* _Work to complete_: Transcribe each entry exactly, without pictures.

Extracted entries section start

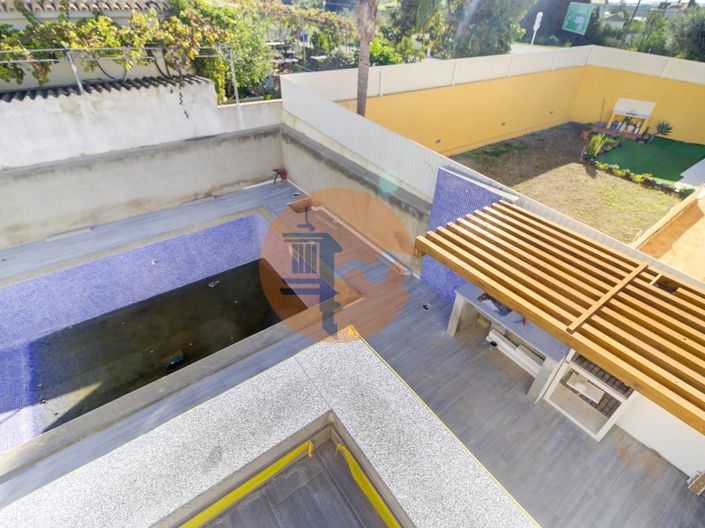 Image No.21-4 Bed House for sale
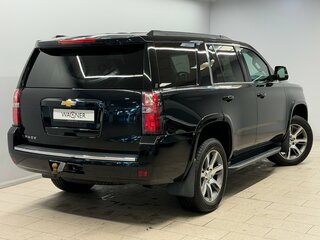 2016 Chevrolet Tahoe IV, чёрный, 3090000 рублей, вид 4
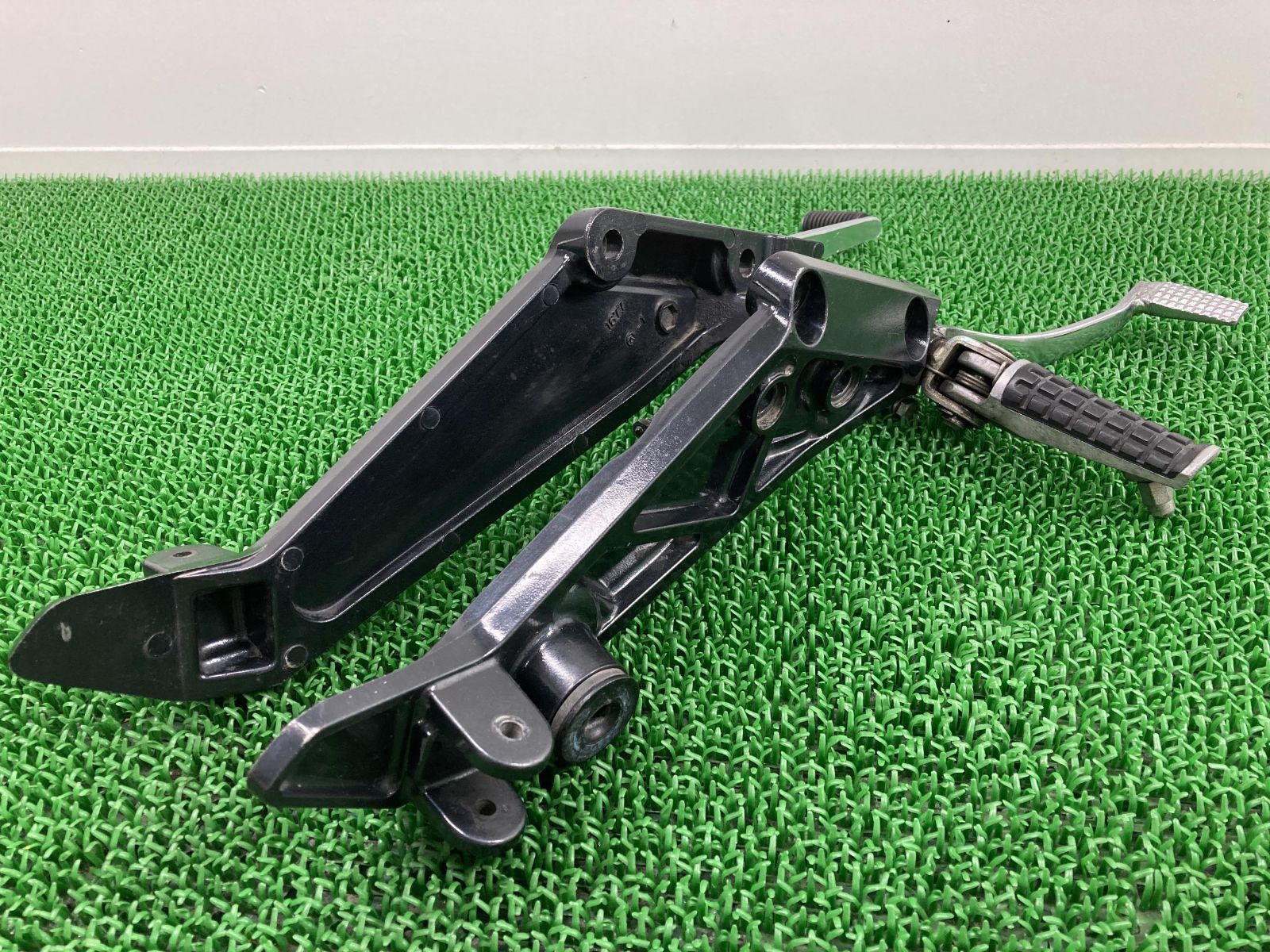 ZRX400 ステッププレート 左右 1677/1678 カワサキ 純正 中古 バイク 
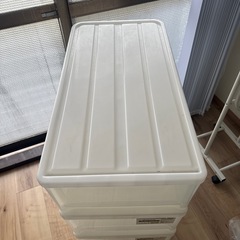 押入れケース4点の画像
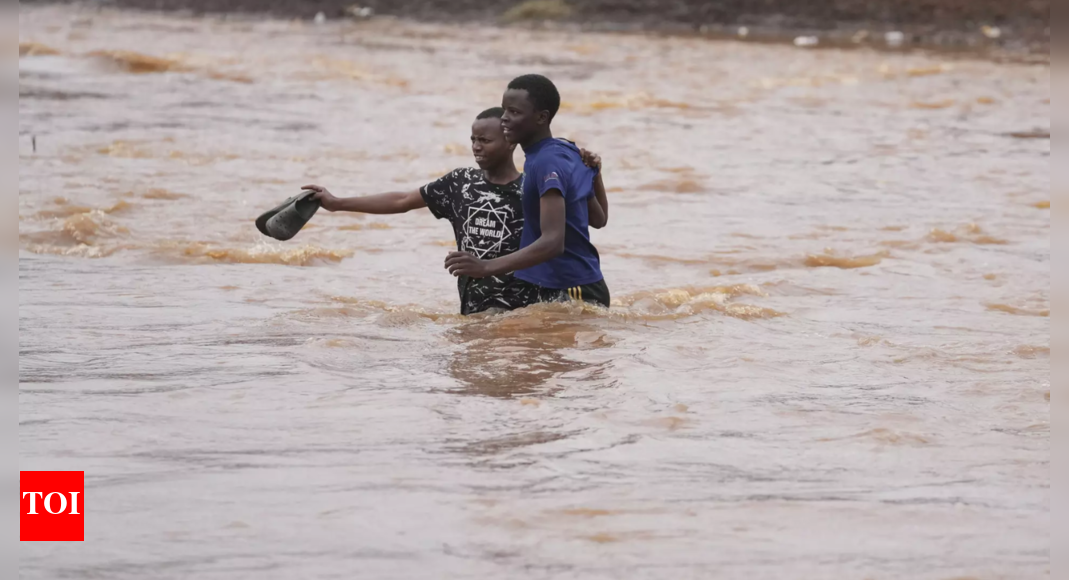 India gives $1m aid to flood-hit Kenya | India News - Times of India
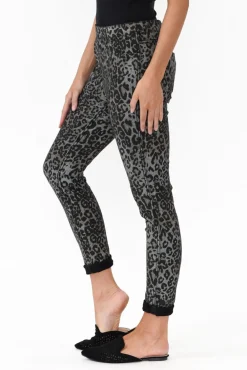 Pants<Threadz Brody Black Leopard Reversible Stretch Pant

Extracted entries section end

* _Final answer_:
 Image No.21-4 Bed House for sale
 2016 Chevrolet Tahoe IV, чёрный, 3090000 рублей, вид 4
 ZRX400 ステッププレート 左右 1677/1678 カワサキ 純正 中古 バイク 
 押入れケース4点の画像
 India gives $1m aid to flood-hit Kenya | India News - Times of India
 Pants<Threadz Brody Black Leopard Reversible Stretch Pant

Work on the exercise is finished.